Activity:
Among the records below, one line contains "this 360×240 image."; copy that line and all that follow it, exactly as written.
______________________________
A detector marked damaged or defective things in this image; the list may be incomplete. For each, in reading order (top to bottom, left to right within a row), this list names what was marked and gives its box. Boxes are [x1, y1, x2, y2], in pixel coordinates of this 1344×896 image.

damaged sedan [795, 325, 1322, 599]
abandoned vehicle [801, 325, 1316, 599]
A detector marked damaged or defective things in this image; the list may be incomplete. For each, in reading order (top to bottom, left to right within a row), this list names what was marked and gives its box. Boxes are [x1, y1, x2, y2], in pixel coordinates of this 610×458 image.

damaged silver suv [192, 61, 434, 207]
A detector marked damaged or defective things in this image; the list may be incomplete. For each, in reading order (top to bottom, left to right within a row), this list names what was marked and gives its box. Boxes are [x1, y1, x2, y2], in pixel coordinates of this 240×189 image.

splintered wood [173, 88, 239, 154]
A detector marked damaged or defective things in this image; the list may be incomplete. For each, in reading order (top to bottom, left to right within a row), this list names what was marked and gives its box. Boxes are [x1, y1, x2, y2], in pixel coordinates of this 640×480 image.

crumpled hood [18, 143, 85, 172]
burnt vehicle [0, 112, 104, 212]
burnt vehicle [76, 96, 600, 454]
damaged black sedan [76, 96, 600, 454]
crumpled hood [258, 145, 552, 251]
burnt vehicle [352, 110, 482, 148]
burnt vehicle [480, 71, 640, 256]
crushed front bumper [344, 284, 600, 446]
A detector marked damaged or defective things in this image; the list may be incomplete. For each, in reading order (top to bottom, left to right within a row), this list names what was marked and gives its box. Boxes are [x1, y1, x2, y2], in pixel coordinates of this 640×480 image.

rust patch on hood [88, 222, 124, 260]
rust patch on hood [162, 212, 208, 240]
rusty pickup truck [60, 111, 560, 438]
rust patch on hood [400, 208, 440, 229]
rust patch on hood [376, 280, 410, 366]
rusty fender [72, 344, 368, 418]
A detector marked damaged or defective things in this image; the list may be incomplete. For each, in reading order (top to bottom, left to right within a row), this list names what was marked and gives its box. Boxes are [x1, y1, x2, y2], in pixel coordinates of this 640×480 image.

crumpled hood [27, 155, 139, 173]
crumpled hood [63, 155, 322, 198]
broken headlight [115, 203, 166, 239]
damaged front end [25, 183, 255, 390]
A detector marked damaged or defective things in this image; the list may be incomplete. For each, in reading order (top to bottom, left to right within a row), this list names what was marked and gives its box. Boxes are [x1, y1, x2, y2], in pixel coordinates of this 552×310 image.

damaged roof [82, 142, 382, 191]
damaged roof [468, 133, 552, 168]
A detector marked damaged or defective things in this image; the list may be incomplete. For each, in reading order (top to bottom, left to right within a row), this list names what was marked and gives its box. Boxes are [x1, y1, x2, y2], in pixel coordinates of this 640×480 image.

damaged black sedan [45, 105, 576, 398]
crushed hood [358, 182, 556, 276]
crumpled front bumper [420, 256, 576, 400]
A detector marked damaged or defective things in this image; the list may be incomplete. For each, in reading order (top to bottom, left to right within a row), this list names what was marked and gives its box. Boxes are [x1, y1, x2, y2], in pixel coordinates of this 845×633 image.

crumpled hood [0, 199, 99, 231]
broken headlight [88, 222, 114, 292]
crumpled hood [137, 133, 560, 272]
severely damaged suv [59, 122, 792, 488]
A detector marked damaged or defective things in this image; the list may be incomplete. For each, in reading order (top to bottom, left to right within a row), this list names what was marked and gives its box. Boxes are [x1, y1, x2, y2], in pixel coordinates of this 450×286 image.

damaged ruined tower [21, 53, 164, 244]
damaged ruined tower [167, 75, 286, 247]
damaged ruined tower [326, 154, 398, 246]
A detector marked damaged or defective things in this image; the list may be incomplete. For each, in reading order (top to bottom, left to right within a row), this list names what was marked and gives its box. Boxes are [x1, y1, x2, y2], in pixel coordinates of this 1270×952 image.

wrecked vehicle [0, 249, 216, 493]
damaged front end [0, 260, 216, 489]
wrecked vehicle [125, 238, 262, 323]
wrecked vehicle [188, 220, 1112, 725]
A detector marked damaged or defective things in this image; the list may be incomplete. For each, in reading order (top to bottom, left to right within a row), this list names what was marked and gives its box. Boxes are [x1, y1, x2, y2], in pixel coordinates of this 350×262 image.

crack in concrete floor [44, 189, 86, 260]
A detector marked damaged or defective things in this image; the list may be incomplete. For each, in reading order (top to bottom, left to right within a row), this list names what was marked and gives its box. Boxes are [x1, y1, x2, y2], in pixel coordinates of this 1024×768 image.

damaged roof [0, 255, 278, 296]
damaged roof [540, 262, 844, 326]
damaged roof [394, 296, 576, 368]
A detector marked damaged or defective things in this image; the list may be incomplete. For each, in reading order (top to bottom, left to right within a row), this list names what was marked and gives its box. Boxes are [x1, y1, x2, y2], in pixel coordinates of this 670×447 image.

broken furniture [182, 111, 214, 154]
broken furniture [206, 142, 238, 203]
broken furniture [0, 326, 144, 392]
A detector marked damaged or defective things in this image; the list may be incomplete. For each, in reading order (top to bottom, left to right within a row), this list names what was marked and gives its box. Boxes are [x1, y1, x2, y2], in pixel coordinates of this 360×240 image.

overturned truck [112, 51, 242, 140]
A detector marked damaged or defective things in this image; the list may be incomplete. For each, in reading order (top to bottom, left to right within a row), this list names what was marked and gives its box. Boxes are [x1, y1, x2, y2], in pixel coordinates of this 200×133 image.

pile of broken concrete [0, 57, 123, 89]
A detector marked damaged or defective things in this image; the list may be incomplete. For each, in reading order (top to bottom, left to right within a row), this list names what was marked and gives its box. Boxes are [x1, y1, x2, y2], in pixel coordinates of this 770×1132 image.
______________________________
Final answer:
A detector marked damaged or defective things in this image; the list may be incomplete. For each, in reading order (top to bottom, left to right within a row), this list names what was marked and gives its box. Boxes are [x1, y1, x2, y2], in pixel coordinates of this 360×240 image.

overturned truck [112, 51, 242, 140]
A detector marked damaged or defective things in this image; the list may be incomplete. For each, in reading order (top to bottom, left to right within a row), this list names what was marked and gives its box. Boxes are [x1, y1, x2, y2], in pixel coordinates of this 200×133 image.

pile of broken concrete [0, 57, 123, 89]
A detector marked damaged or defective things in this image; the list may be incomplete. For each, in reading order (top to bottom, left to right within a row), this list names what was marked and gives its box. Boxes are [x1, y1, x2, y2], in pixel coordinates of this 770×1132 image.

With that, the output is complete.